**Input data:**
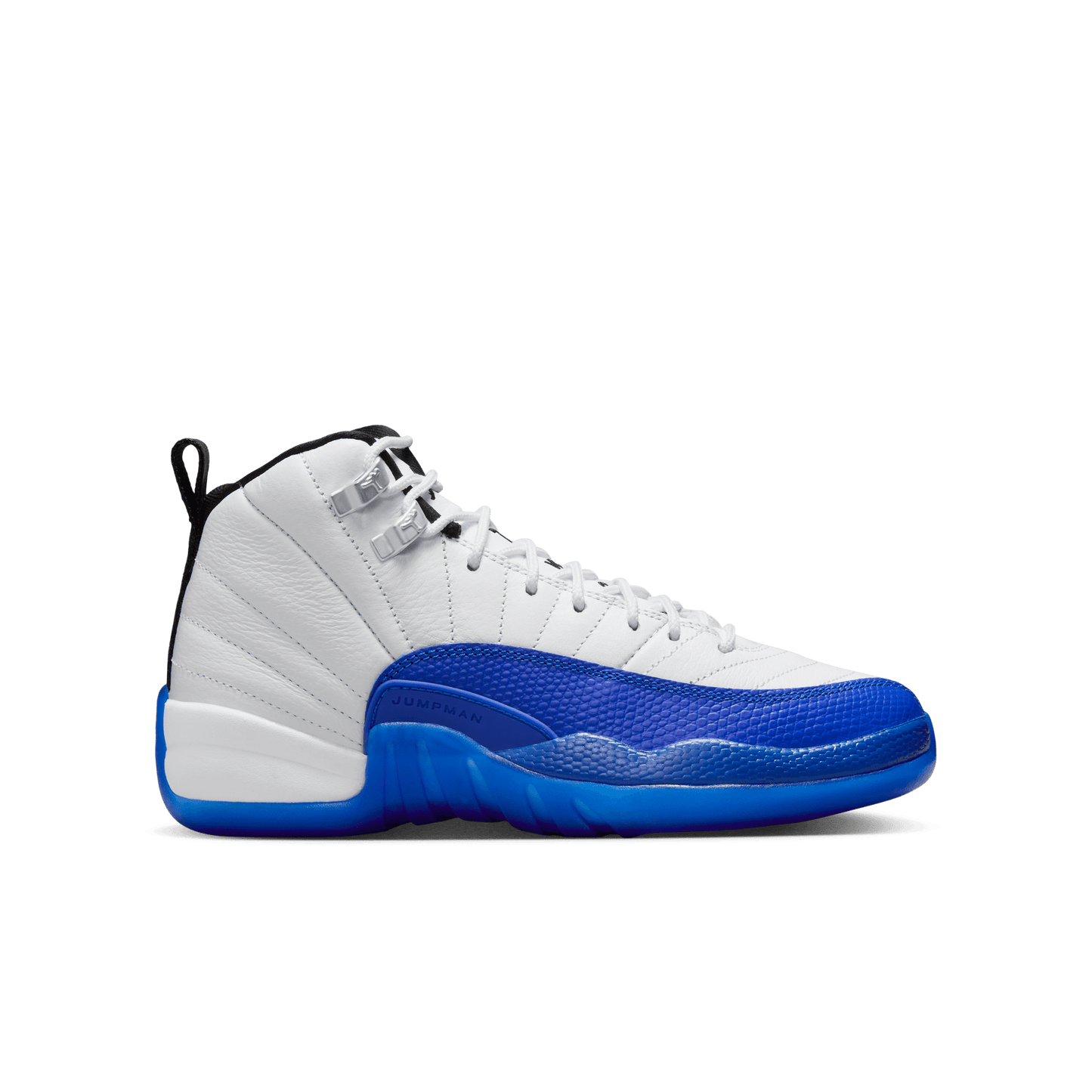 Big Kids' Air Jordan 12 Retro "Blueberry"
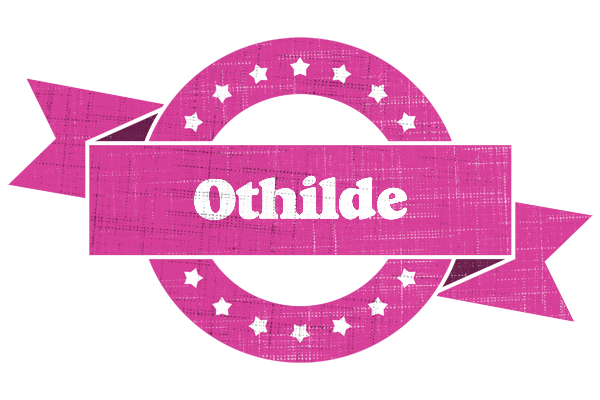 Othilde beauty logo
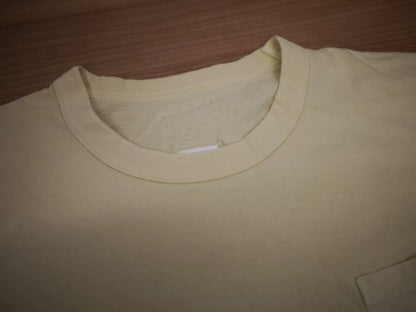 24SS VISVIM AMPLUS TEE CRASH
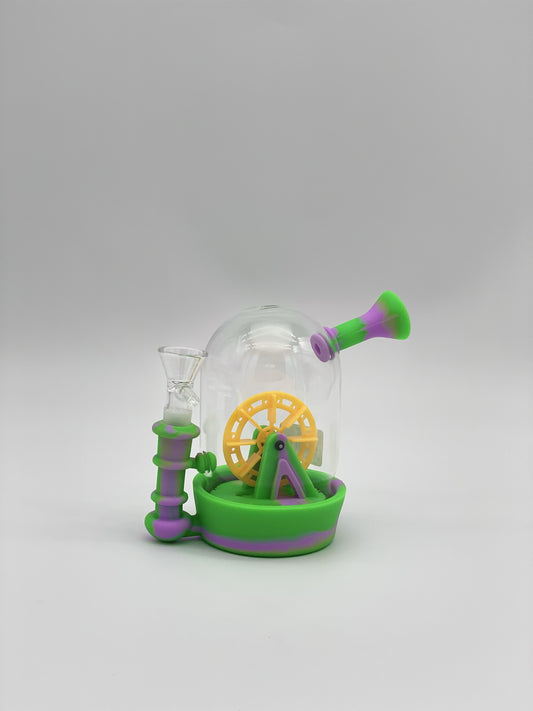 Silicone Mouse Wheel Dome 12.3cm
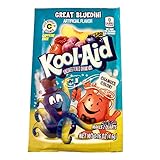 Great Bluedini Limited Edition Kool-Aid Unsweetened Drink Mix (12 Packets)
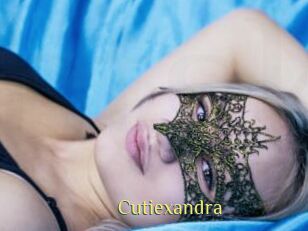 Cutiexandra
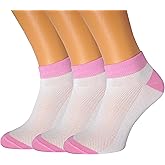 3 Pack Unisex Ultra Thin Breathable Dry Fit Low Cut Running Ankle Socks black white grey color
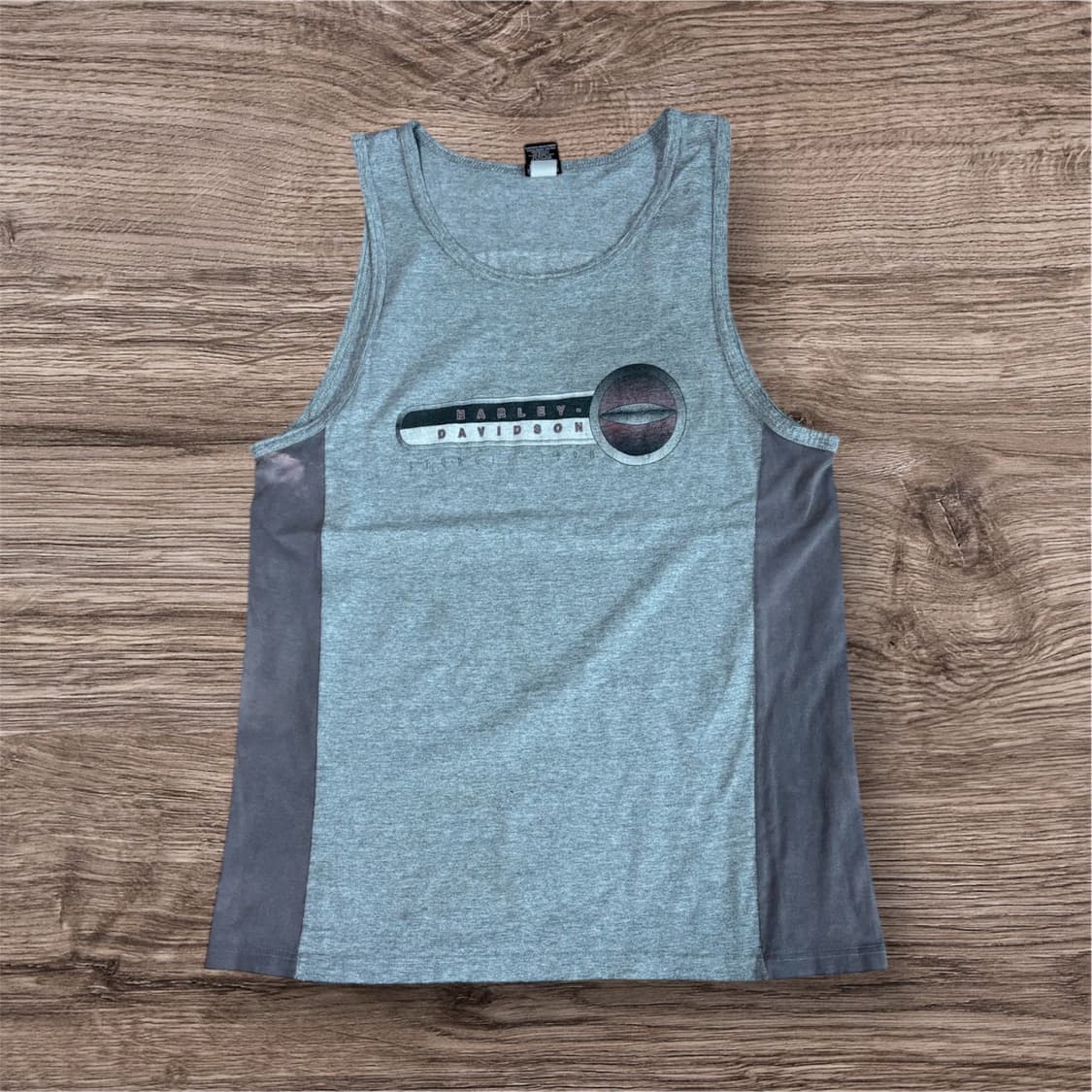 90s Harley Davidson Sleeveless 상품이미지1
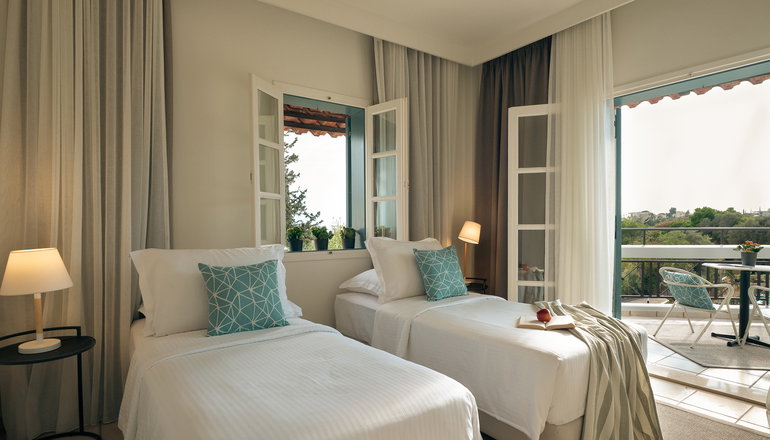5* Zeus Eretria Resort - Ερέτρια, Εύβοια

**Work request:**
Excluding the images, return each record above precisely as written.

**Written reply:**
 Big Kids' Air Jordan 12 Retro "Blueberry"
 Othilde beauty logo
 24SS VISVIM AMPLUS TEE CRASH
 Silicone Mouse Wheel Dome 12.3cm
 Great Bluedini Limited Edition Kool-Aid Unsweetened Drink Mix (12 Packets)
 Cutiexandra
 3 Pack Unisex Ultra Thin Breathable Dry Fit Low Cut Running Ankle Socks black white grey color
 90s Harley Davidson Sleeveless 상품이미지1
5* Zeus Eretria Resort - Ερέτρια, Εύβοια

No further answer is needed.